Es en la segunda mitad del siglo XII que se reemplazan los Padre Nuestro por los Ave María. Nace así el llamado Salterio Mariano. Más tarde, a fines del siglo XIV, se introduce la segunda parte del Ave María, el nombre de Jesús y el Amén final, al tiempo que se subdividen las 150 Ave María en quince decenas, intercaladas cada una por un Padre Nuestro.
Un aporte determinante fue el del dominico francés Alano de Roche (muerto en el 1478), quien además de contribuir a la difusión popular de este rezo, le dio su nombre actual, “Rosario de la Bienaventurada Virgen María”, y se preocupó por dividirlo en tres partes, cada una de 5 decenas, sugiriendo incluir la meditación de los principales misterios evangélicos: la encarnación, pasión y glorificación de Cristo y de María. El Rosario pudo así adquirir su característica de oración mental y vocal, cristológica y también contemplativa.
Alano de Roche difunde la idea de la institución del rosario por Santo Domingo (1170-1221). Aunque está documentada la existencia del Salterio Mariano antes del nacimiento de este santo, ciertamente él y sus predicadores fueron grandes propagadores del Rosario. Sus discípulos fueron los iniciadores de las conocidas Confraternidades del Rosario, que divulgaron por Europa la devoción a María.
La difusión popular del rosario dejará establecidos los 15 misterios en una triple división: 5 de gozo, 5 de dolor y 5 de gloria. Forma que el Papa Pío, en 1572, consagrará oficialmente.
Luego de Pío V, todos los Pontífices han manifestado interés por la práctica del rosario. Le han dedicado una especial atención mediante numerosos documentos y discursos, considerándola apta para desarrollar una oración de contemplación, de alabanza, de súplica, como también por su eficacia en promover la vida cristiana.
“Qué grande es la esperanza que nosotros ponemos en el santo rosario para sanar los males de nuestro tiempo, no con la fuerza, no con las armas, no con la potencia humana, sino con la ayuda divina que se obtiene por medio de esta oración; fuerte como David con su honda, la iglesia podrá enfrentar impávida al enemigo infernal...”, afirmaba en 1951 Pío XII (Encíclica Ingruentium malorum). Con el tiempo, la práctica del Rosario se ha ido extendiendo hasta los confines de la cristiandad, convirtiéndose en una forma universal de oración.
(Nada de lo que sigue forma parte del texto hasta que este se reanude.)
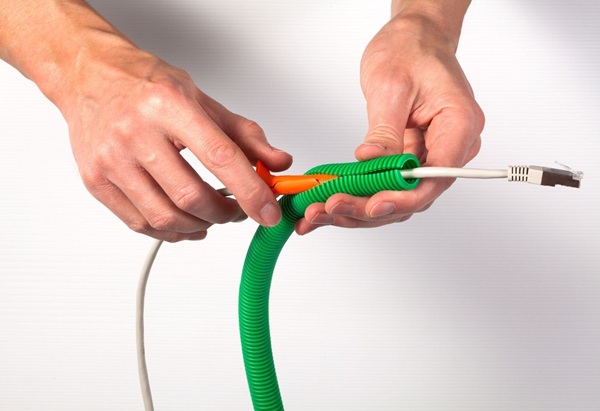 paire de mains qui fait passer un câble Ethernet dans la gaine fendue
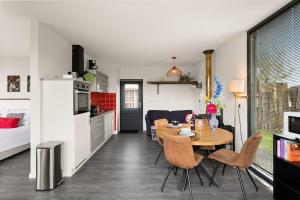 a kitchen and living room with a table and chairs at NEW! Vakantiehuis Grijpskerke met airco en houtkachel - 2 personen in Grijpskerke +14 photos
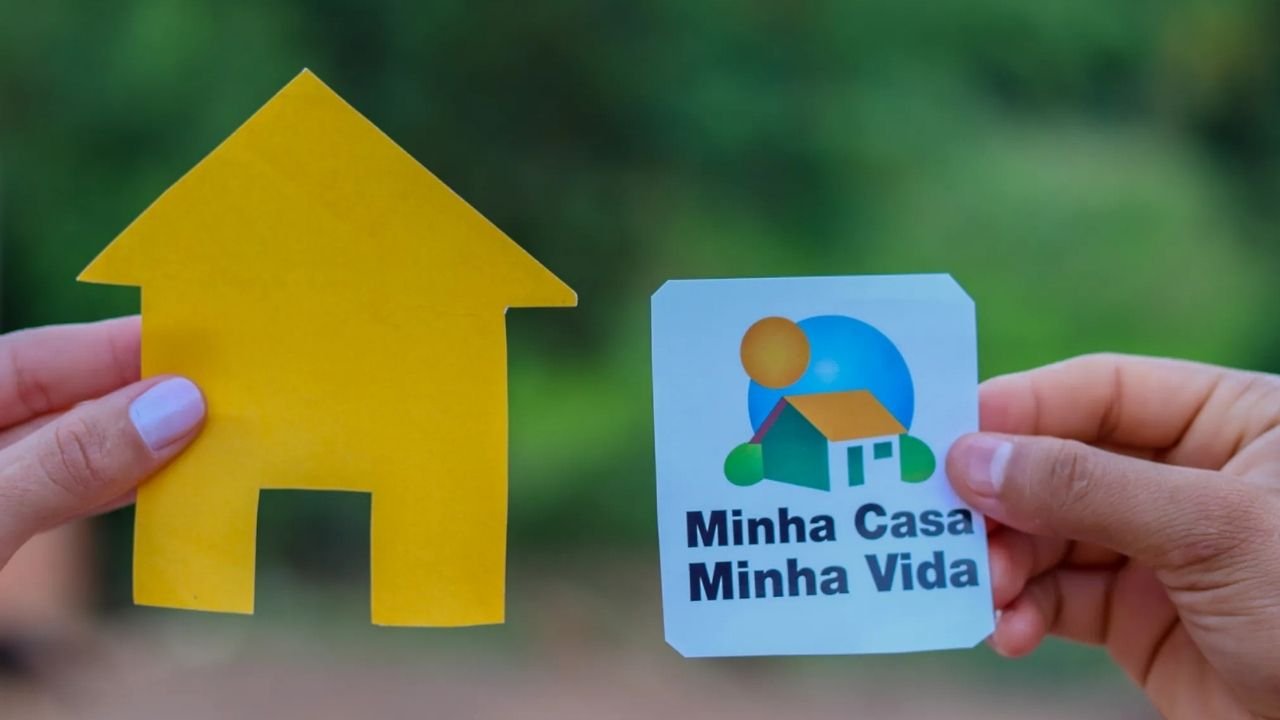 Mãos seguram um recorte de papel em forma de casa amarela e a logomarca do programa habitacional Minha Casa Minha Vida. Este cenário representa o acesso à moradia através do programa, incluindo a Faixa 4. 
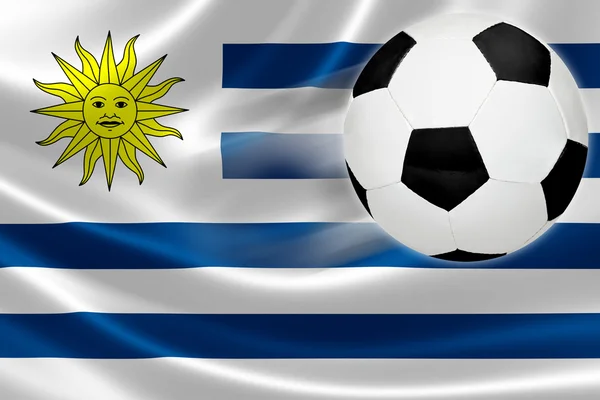 Bola de futebol sai da bandeira uruguaia — Fotografia de Stock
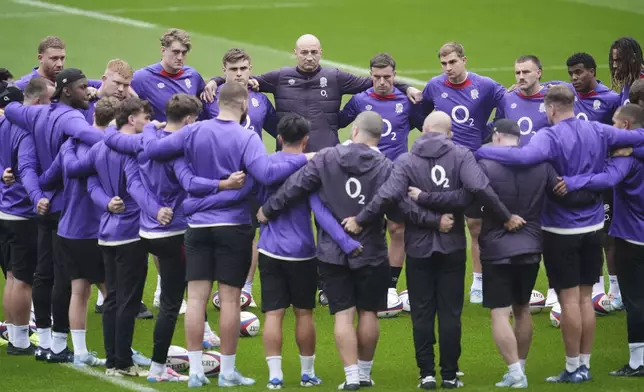 England head coach Steve Borthwick give a team talk during a team run at the Allianz Stadium, Twickenham, Friday, Nov. 8, 2024. (Adam Davy/PA via AP)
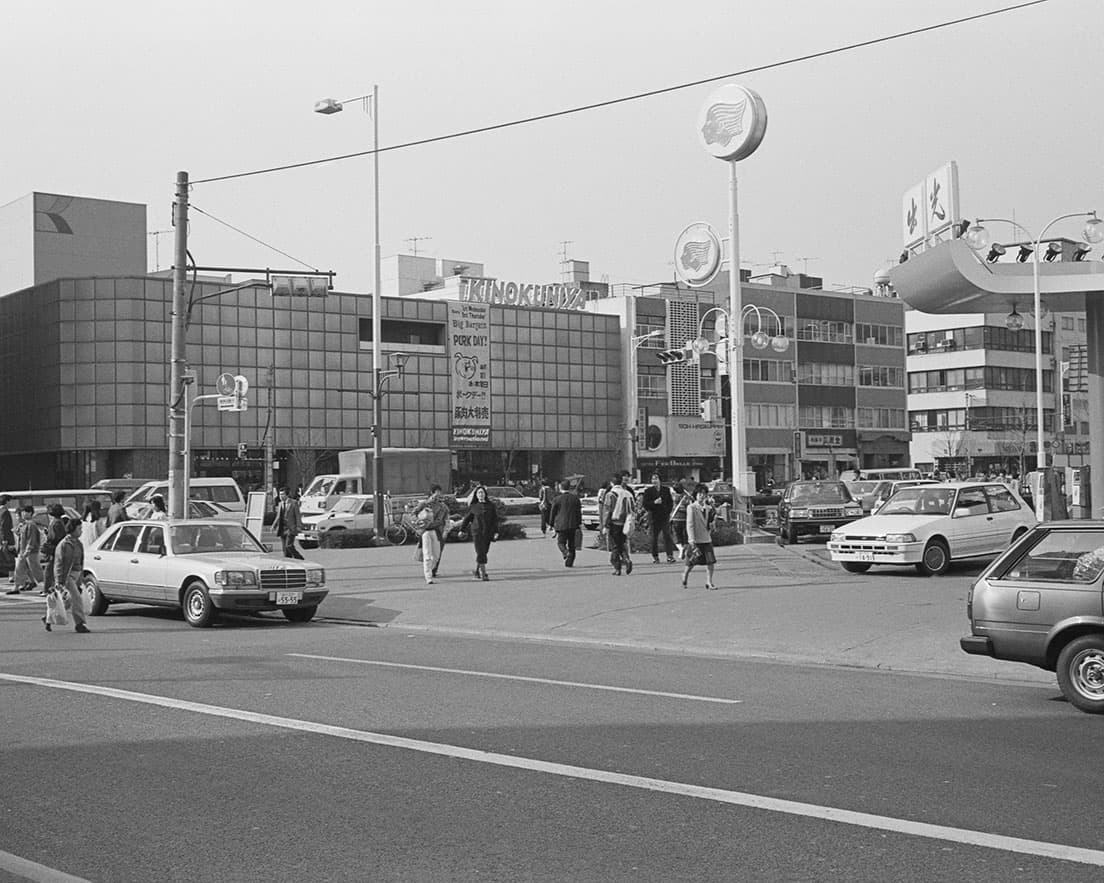 《青山〈紀ノ国屋〉1984》青山通り（国道246号）と骨董通りの三叉路にあったスーパー〈紀ノ国屋〉本店。青山通りをはさんで向かいの角には出光石油のガソリンスタンドが。
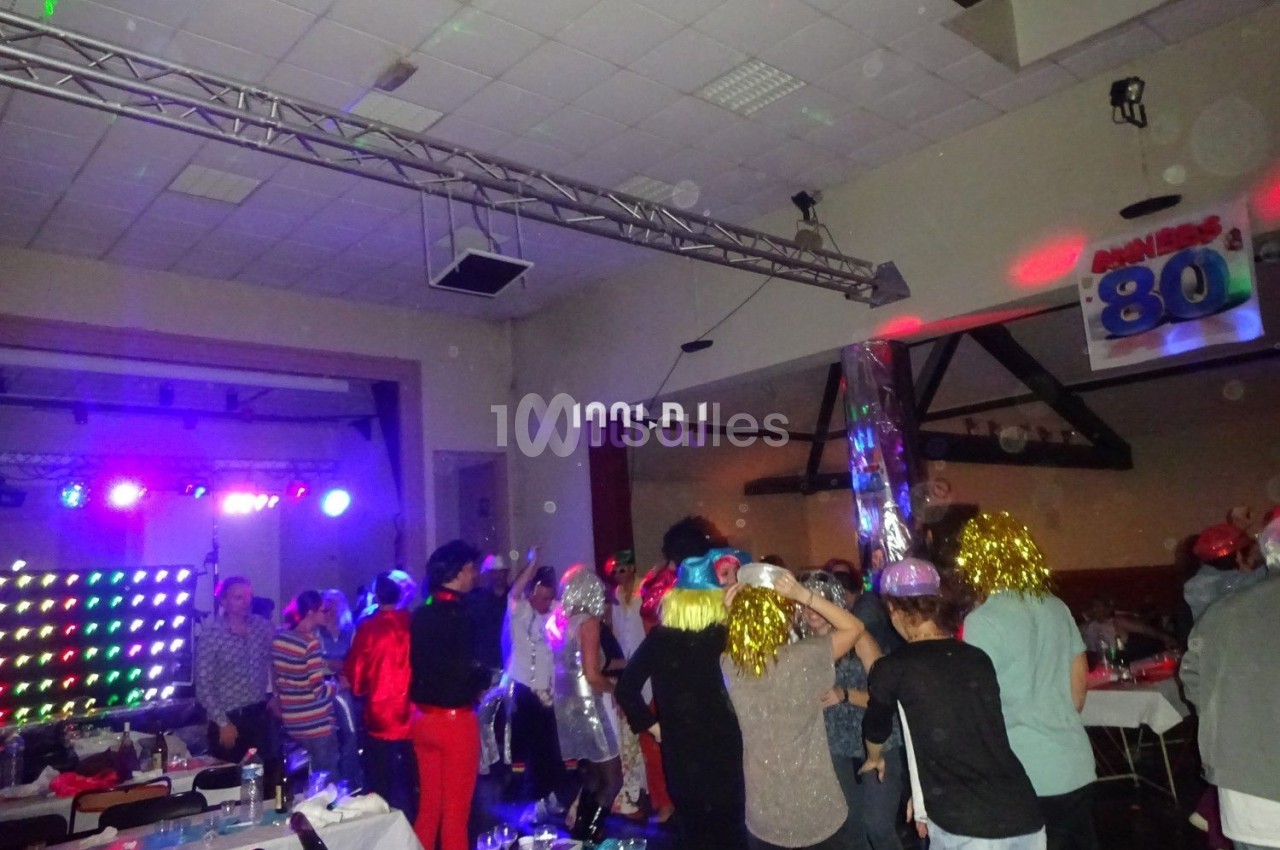Des personnes dansent et s'amusent lors d'une soirée festive avec éclairages colorés et décorations rétro.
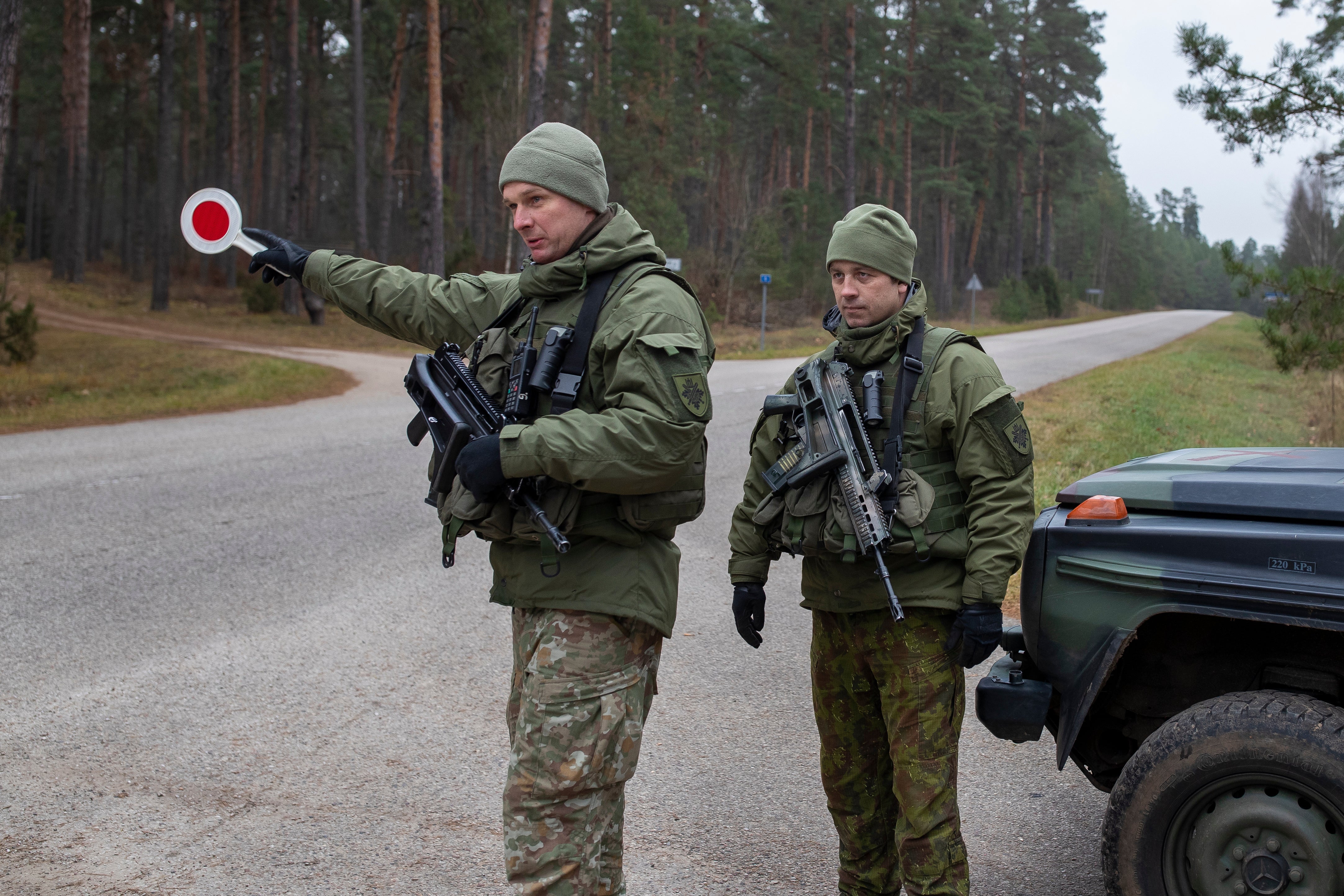 Lithuanian soldiers patrol a road near the Lithuania-Belarus border near the village of Jaskonys, Druskininkai district some 160 km (100 miles) south of the capital Vilnius, Lithuania, on Nov. 13, 2021. (AP Photo/Mindaugas Kulbis, File)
En el período postconciliar, una evolución crítica del sentimiento devocional, provocará prejuicios sobre las devociones en general, y el rosario en particular. Se entra a cuestionar su estructura, la dificultad de contemplación, se rechaza la repetitividad mecánica. Dificultades serias y reales, que pueden hacer perder la importancia de esta oración y que han motivado, en especial a Pablo VI (con la Marialis Cultus) y a Juan Pablo II (con la Rosario Verginis Mariae) a querer rescatar la verdadera naturaleza y la fisionomía propia del Rosario.
Ambos indican orientaciones precisas de carácter bíblico, litúrgico, ecuménico, antropológico, que puedan ayudar a una renovación de este ejercicio y a hacer captar su intuición original, su energía primera, su esencial estructura.
En este contexto, se comprende la “oportuna integración” que realiza Juan Pablo II al agregar 5 nuevos misterios, “de la luz”, sin modificar la configuración esencial de esta oración (ver CN diciembre de 2002), para “resaltar el carácter cristológico del rosario”, y “para que pueda decirse que el rosario es más plenamente ‘compendio del evangelio’” (nº 19).